Bergama'da art arda yaşanan depremleri, Kandilli Rasathanesi ve Deprem Araştırma Merkezi "Ege Bölgesi'nin olağan depremsel hareketleri" olarak yorumluyor.
1. derece deprem kuşağında
Birinci derecede deprem kuşağında olan Bergama ve yöresindeki bu sarsıntıların "olağan" sayılması, bölgede daha önce irili ufaklı çok sayıda deprem yaşanmış olması. Hatta, İstanbul Teknik Üniversitesi (İTÜ) Maden Fakültesi yayınları arasında çıkan "Türkiye Büyük Depremleri Makro-Sismik Rehberi" adlı kitapta, 1939 depreminde siyanürlü madenin yakınında kurulu olduğu Ovacık Köyü'nün yerle bir olduğu ve bunun üzerine yerinin değiştirildiği belirtiliyor.
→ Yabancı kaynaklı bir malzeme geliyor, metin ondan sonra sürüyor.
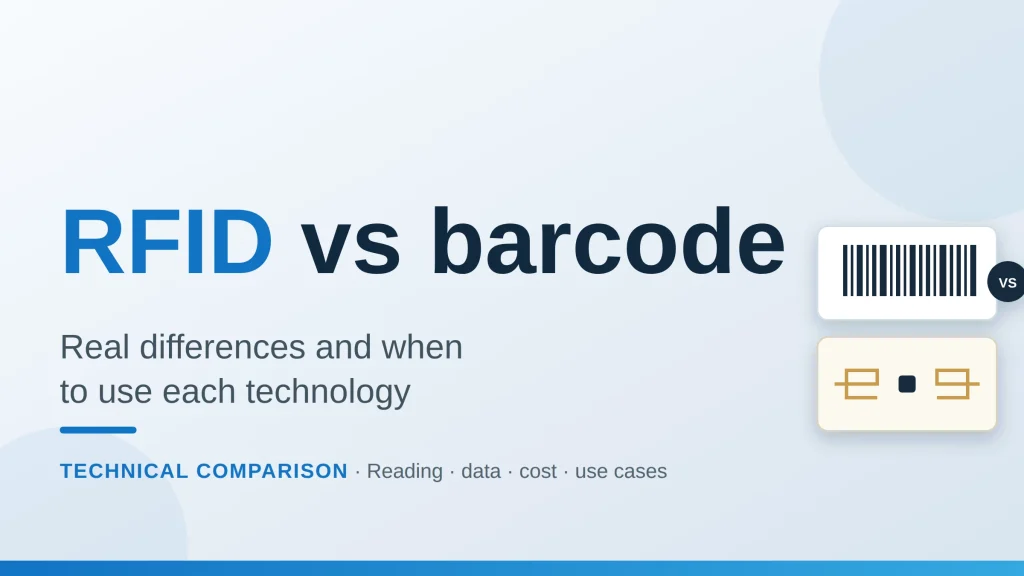 Comparison between a UHF RFID label and a barcode on the same product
2 milyon tonluk zehir barajı
Bergama'da 4 Haziran ve sonrasında yaşanan küçük şiddetli depremler, Ovacık-Narlıdere-Çamköy'ün ortasında, uluslararası Eurogold (Normandy) Şirketi tarafından siyanürlü yöntemle altın çıkarılmak istenmesine karşı Bergama köylülerinin 11 yıllık mücadelesinin haklılığını ve karşı karşı olunan tehlikenin büyüklüğünü de ortaya koyuyor. Çünkü, hemen burunlarının dibinde tonlarca zehir içeren dev bir siyanür havuzu var.
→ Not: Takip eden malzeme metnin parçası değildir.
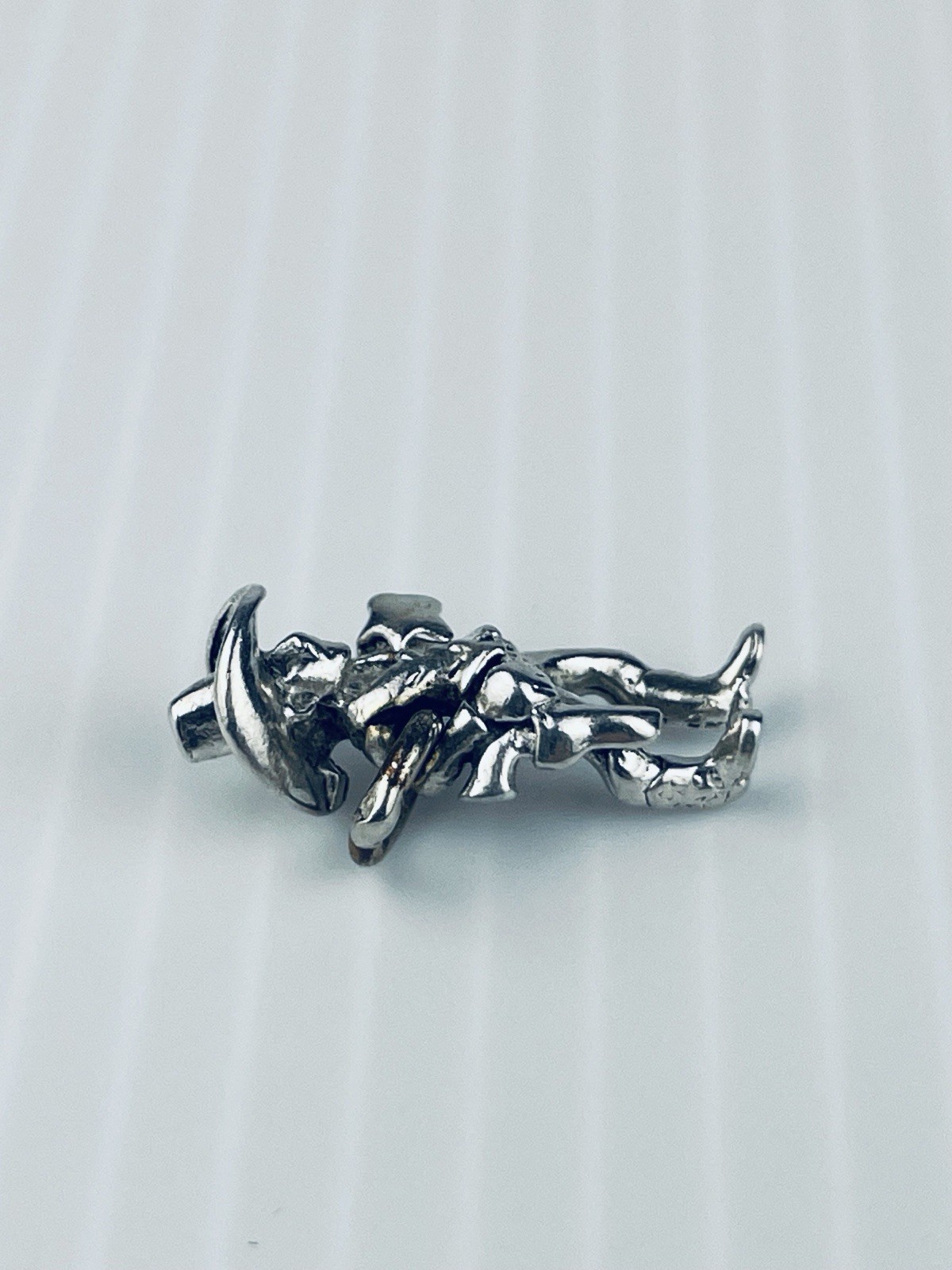 Sterling Silver SHERIFF BRACELET CHARM 3D Wild West (dimensions In Description)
Eurogold'un "DSİ tarafından onaylanan baraj depremlere dayanıklı olacaktır" diye aktardığı, içinde siyanür, kurşun, arsenik gibi zehirlerin de bulunduğu atıkların depolanacağı havuz, konunun uzmanı bilim çevreleri tarafından hazırlanan çalışmalarda hiç de şirketin dediği kadar güvenli görünmüyor.
Tehlikenin boyutları
İnşaat Mühendisleri Odası İzmir Şubesi tarafından hazırlanan raporda atık havuzuyla ilgili şu ifadelere yer veriliyor: "Çalışmaların yeraldığı Bakırçay Havzası Ege Bölgesi'nde 1. derece deprem kuşağının üzerinde bulunmaktadır. Siyanür ihtiva eden atık çamurunun toplandığı, 50 cm kalınlığındaki 70 hektarlık büyük bir alanı kaplayan kil çanak, hem çamurun yüklenmesi halinde düşey deformasyonlara, hem de depremin etkisi halinde kırılmalara maruz kalacaktır".
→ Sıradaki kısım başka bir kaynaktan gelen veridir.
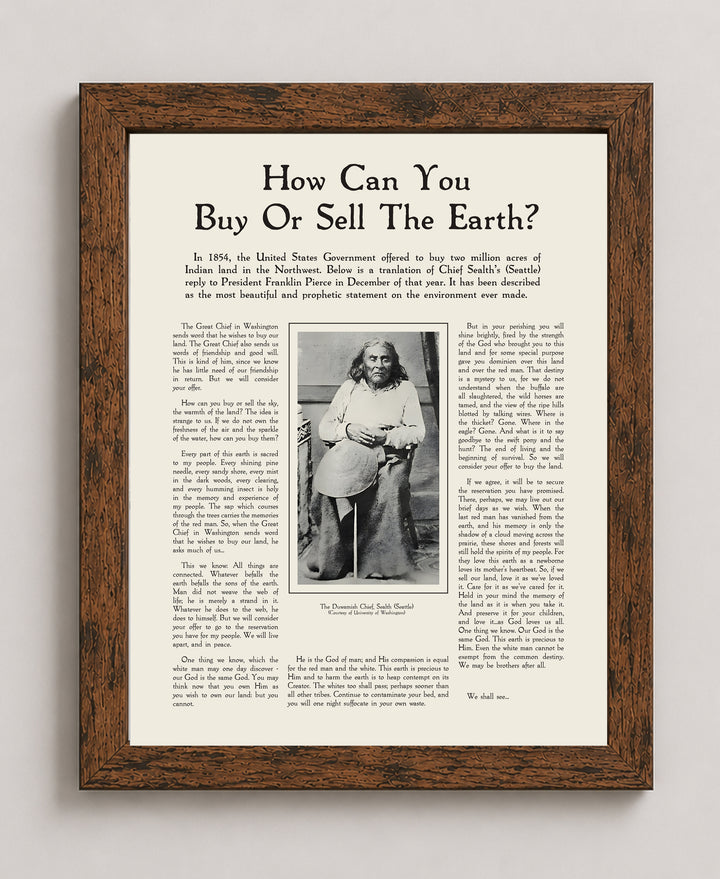 Chief Seattle Speech Inspirational Wall Art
Barajın yapıldığı zemin alüvyal, yani geçirgen yapıda olduğu için, doğal zemin üzerine 1.5 metre kalınlığında kil tabakası örtülecek. İnşaat mühendisleri bölgenin 1. derece deprem kuşağı üzerinde olduğunun da altını çizerek, bu kil tabakanın tonlarca yüke dayanamayarak kırılacağını vurguluyor.
Bergama merkezine 10 km. uzakta, Ovacık, Narlıca, Çamköy'ün tam ortasında olan bu atık barajı, herhangi bir nedenle kırılır, zehir toprağa ve suya karışırsa yaşanacak felaketin boyutları, en küçük bir yer sarsıntısında bile Bergamalıların yüreklerini ağzına getirmeye yetiyor.
Oysa, tüm bu tehlikelerin farkında olması ve bunun önlemini alması gereken Bergama Kaymakamı Ali Şanlıer ise, 4 Haziranda yaşanan depremlerle ilgili "Bölgemizin deprem kuşağında olması nedeniyle depremle yaşamaya alışacağız" demekle yetiniyor.